YEARENDER: Sarkozy push for strong EU defense hits British resistance

Paris - When he leaves office, in two years or seven, it could very well be that Nicolas Sarkozy's greatest accomplishment as French president will have been to bully Europe into emerging out of the protective military shadow of the United States. At least partly to that end, the French president steered France back into NATO's military command, reversing a decision made by Charles de Gaulle in 1966 and making Paris a full NATO member again.

In exchange for the move, which was completed on April 4, 2009, a French general, Stephane Abrial, was named head of NATO's Allied Command Transformation in Virginia, the first time that one of the alliance's supreme commanders is not an American.

Another French general was appointed commander of the Allied Joint Command Lisbon, giving Paris - and Europe - unprecedented sway in NATO.

Sarkozy has always maintained that his decision to end France's halfway status within NATO was made to strengthen Europe's ties with the United States and to spur fellow Europeans to become equal military partners for Washington.

"If France shoulders all her responsibilities in NATO, Europe will have more influence in NATO. And so NATO will not be an exclusively US-dominated organization," he said in a March 2009.

"European defense will be stronger, because by ending ambiguity as to our goals, we are creating the necessary trust to develop a strong and autonomous European defense."

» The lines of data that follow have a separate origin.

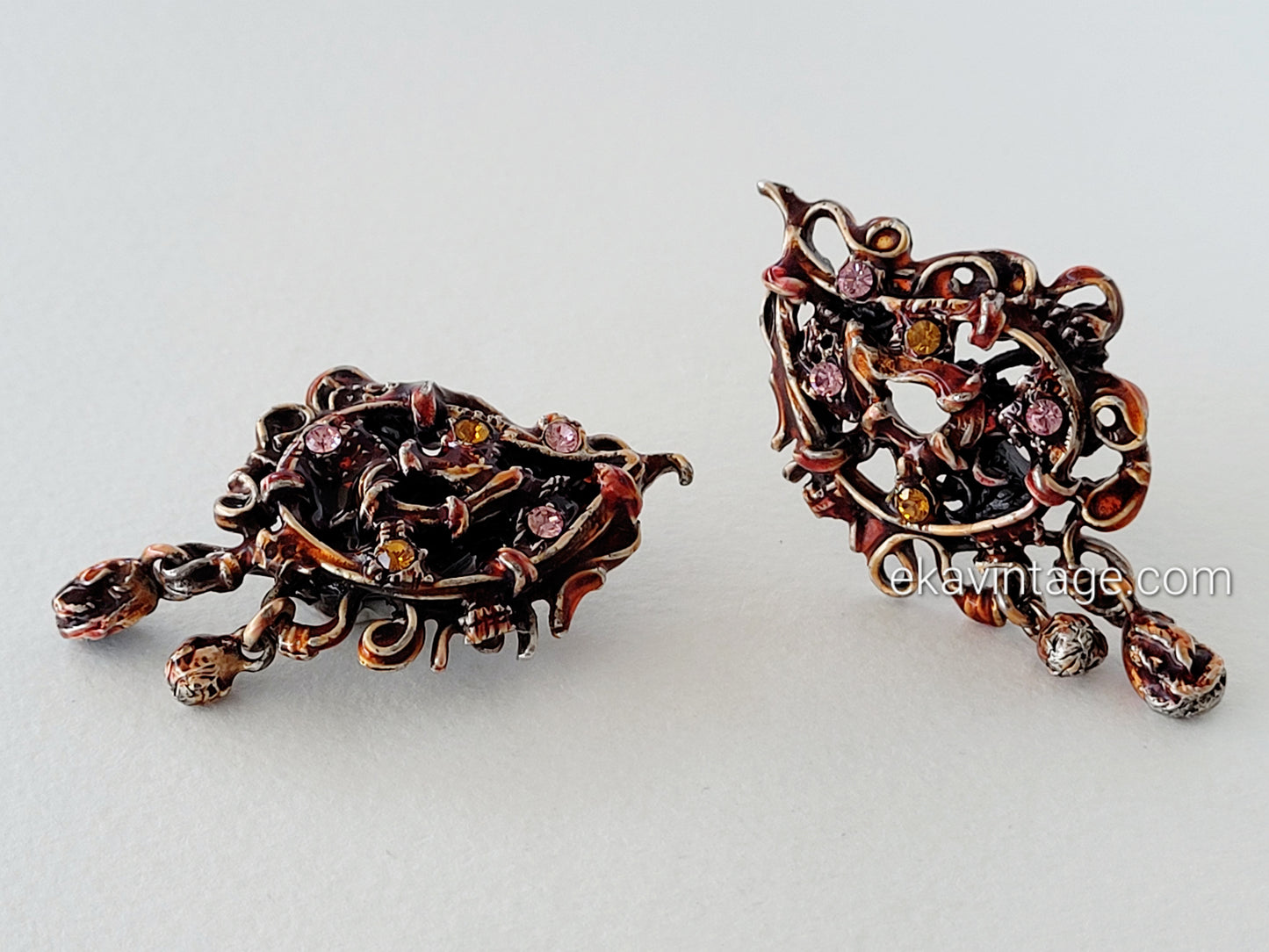 Christian Lacroix - Boucles d'oreilles vintage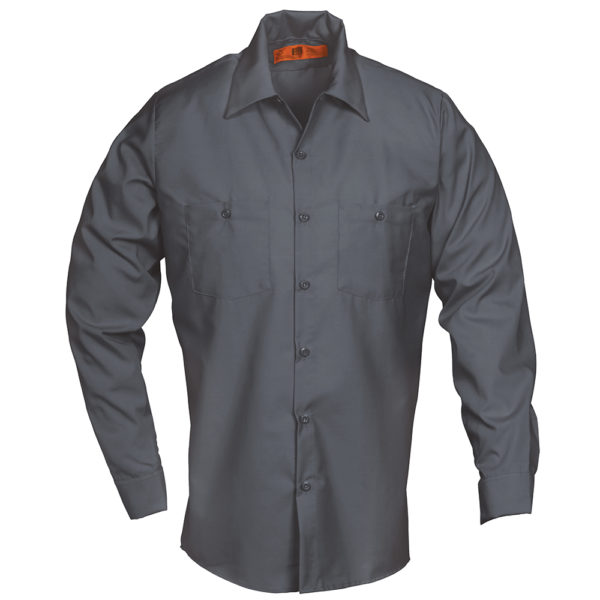 SoftTouch Poplin Industrial Solid Work Shirts – Commercial Workwear ...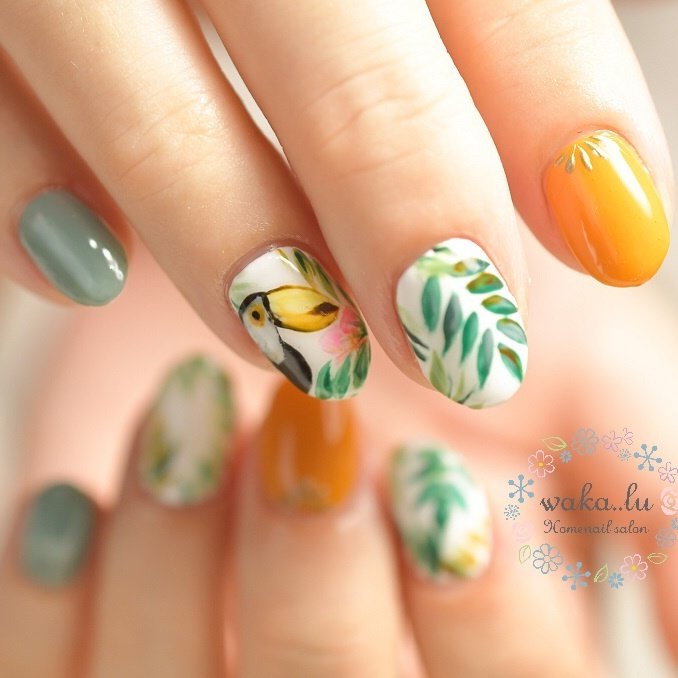 Nailsalon Waka Lu Yumikoのネイルデザイン No 3414860 ネイルブック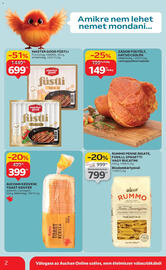 Auchan akciós újság hét 43 Oldal 2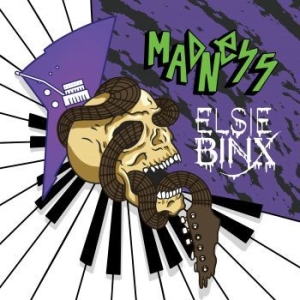 Elsie Binx - Madness in the group CD / Pop at Bengans Skivbutik AB (4150744)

Sarkozy's strategy was also to demonstrate that a militarily strong Europe - in the form of the European Security and Defense Policy (ESDP), or, alternately, Defense Europe - would not threaten, but rather strengthen, transatlantic ties.

"If we present Defense Europe as an alternative to the alliance with the United States, we are sure to kill off the idea of Defense Europe," he said in March. "If we present Defense Europe as an action complementary to the alliance with the United States we will push Defense Europe forward.

Sarkozy's ambitions were given a rhetorical boost by US President Barack Obama, who said Washington supported a stronger Europe. His predecessor, George W Bush, made the same statement near the end of his second term.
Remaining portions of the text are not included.